Analysts say the footage being beamed across the internet – showing military sites and personnel in fine detail for all the world to see – is at best embarrassing for Taiwan and at worst, outright dangerous.
The drone incursions come amid increased tensions following a visit by US House Speaker Nancy Pelosi to Taiwan, a self-governing democracy of nearly 24 million people, in August.
That trip angered China’s ruling Communist Party – which views Taiwan as part of its territory, despite never having governed it – and it responded by launching unprecedented military drills around the island, sending warplanes across the Taiwan Strait and firing missiles over the main island.
Taiwan President Tsai Ing-wen has claimed the drone incursions are the latest ratcheting up of this pressure; a new front in China’s “gray-zone” warfare tactics to intimidate the island. On September 1, after warning it would exercise its rights to self-defense, Taiwan shot down a drone for the first time.
But, provocative though the footage is, it is difficult to be sure exactly who is behind the drone incursions.
Beijing has brushed off the drone incursions as “no big deal.” Questioned about civilian-grade drones flying in the Kinmen area, a spokesperson for China’s Ministry of Foreign Affairs recently responded: “Chinese drones flying over China’s territory – what’s there to be surprised at?”
Fueling suspicions, China hasn’t removed the videos from its otherwise highly censored internet or prevented the drones from traveling through its own highly controlled airspace.
Beijing also doesn’t appear to be interested in trying to punish those behind the footage; flying drones over domestic military sites is punishable by prison time.
Isabel Hilton, an international journalist and longtime China watcher, said it was impossible to know who was piloting the drones – and that was exactly what made them so well-suited to “deniable harassment.”
The machines appear to be civilian models, but could “be operated by anybody, including the military,” said Hilton, the founder of China Dialogue, suggesting that “government agencies in the guise of a popular movement” could be behind the controls.

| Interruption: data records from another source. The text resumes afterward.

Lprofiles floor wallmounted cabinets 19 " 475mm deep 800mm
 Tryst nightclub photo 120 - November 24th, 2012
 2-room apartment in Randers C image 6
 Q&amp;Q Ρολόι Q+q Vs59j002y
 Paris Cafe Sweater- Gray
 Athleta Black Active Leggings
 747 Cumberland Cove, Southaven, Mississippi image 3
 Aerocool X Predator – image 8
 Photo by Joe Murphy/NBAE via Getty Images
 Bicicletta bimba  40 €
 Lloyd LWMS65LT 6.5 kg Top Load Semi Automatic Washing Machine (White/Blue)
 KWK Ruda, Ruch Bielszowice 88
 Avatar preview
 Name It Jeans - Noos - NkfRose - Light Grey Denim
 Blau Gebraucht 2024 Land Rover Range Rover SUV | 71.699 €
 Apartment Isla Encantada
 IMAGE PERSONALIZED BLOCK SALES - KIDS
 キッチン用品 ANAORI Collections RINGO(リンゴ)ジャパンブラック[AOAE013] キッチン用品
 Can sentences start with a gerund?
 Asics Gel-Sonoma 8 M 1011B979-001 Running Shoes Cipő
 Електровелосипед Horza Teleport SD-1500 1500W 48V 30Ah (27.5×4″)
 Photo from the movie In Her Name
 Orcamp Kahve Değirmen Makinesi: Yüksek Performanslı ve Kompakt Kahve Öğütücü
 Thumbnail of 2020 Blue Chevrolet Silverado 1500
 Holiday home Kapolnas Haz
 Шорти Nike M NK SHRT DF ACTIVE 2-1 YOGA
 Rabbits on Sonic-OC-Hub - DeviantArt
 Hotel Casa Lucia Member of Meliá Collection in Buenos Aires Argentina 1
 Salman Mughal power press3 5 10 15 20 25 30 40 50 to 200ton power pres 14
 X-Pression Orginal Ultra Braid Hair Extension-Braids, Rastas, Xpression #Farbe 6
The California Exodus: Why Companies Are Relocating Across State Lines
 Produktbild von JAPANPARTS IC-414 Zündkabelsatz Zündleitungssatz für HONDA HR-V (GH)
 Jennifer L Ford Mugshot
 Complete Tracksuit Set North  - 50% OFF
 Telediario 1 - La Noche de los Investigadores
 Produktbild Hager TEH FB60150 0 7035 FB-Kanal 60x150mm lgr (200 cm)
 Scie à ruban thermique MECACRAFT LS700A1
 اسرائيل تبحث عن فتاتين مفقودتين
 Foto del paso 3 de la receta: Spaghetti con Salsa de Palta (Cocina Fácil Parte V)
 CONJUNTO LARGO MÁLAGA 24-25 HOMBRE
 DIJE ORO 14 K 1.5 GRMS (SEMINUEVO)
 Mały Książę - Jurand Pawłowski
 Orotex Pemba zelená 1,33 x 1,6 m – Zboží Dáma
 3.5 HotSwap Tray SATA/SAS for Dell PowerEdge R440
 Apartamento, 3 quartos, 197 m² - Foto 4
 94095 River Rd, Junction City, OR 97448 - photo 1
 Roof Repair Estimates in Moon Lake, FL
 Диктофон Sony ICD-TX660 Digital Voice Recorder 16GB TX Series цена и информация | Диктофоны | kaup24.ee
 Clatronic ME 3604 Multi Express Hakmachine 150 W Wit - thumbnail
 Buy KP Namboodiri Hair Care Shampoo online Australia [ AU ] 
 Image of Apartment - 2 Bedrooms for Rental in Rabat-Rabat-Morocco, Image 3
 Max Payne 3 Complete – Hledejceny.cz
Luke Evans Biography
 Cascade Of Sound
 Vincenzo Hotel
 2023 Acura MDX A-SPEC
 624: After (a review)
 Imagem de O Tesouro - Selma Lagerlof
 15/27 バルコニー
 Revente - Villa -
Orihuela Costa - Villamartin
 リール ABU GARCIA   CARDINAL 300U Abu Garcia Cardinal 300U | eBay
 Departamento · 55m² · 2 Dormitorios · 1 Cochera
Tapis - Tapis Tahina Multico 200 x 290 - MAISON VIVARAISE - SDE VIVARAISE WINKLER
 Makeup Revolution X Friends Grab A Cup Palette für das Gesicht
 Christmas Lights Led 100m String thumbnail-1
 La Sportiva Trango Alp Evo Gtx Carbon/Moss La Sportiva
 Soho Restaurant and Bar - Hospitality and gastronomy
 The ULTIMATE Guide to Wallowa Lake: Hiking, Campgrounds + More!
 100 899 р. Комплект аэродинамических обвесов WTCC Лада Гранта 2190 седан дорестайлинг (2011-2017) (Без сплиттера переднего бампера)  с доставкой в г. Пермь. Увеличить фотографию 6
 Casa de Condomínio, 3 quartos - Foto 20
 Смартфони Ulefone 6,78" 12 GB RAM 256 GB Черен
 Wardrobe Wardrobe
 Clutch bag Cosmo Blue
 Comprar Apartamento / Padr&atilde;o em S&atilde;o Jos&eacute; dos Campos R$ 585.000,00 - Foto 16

Hilton drew a parallel to events in the South China Sea, where China has been accused of using a maritime militia to enforce its territorial claims by swarming disputed areas with hundreds of what are ostensibly civilian fishing boats.
Western experts say the militia – sometimes dubbed China’s “Little Blue Men” – is funded and controlled by the People’s Liberation Army. China doesn’t acknowledge their existence and when questioned, refers to them as a “so-called maritime militia.”
In both arenas, the ideal result for China is to gain an advantage “without the military appearing to be involved,” Hilton said.
“Whether you’re using fishing boats or civilian drones, it doesn’t look as though this is official policy. It doesn’t look like direct military harassment in the way that the incursion of a warplane does. And so it’s a deniable provocation.”
Hilton said not only did the drones serve reconnaissance purposes – “they’re flying very low over military installations or taking very clear photographs of individually identifiable soldiers” – they could also have a psychological impact on the soldiers, who “find their faces very clearly put up on Chinese social media, where they are liable to be insulted and where people are liable to call for them to be killed.” Taiwan’s media have reported that such exposure could hurt the morale of the island’s soldiers.
“This is all very demoralizing for Taiwanese, and it’s kept at a level which is designed not to let Taiwan relax, not to let Taiwan forget the threat,” Hilton said.
“(It’s) designed to remind Taiwan that there’s no escape from Chinese pressure, and that in the end, China will take over. That’s the purpose.”
But not everybody suspects the invisible hand of China’s military.
Paul Huang, a research fellow at the Taiwanese Public Opinion Foundation, a non-profit, non-governmental think tank, thinks that the drones are operated by private civilians who “maybe out of curiosity, maybe out of nationalism” want to provoke Taiwan.
“Flying that close to a Taiwanese military guard post and catching their attention …That’s not really the way any military would deploy or utilize their drones. And frankly I don’t see any good reason that the (People’s Liberation Army) would even attempt something like that,” Huang said.
Still, where he and Hilton agree is that Beijing could stop the drone incursions if it wanted to – but it doesn’t, because it sees an advantage in letting them continue.
“Beijing (sees the incursions) as an attempt by their own population to troll Taiwan, to provoke Taiwan, to make fun of Taiwan’s incompetence. They treat it as a propaganda victory,” Huang said.
China Dialogue’s Hilton said Beijing is “definitely playing a double game here.”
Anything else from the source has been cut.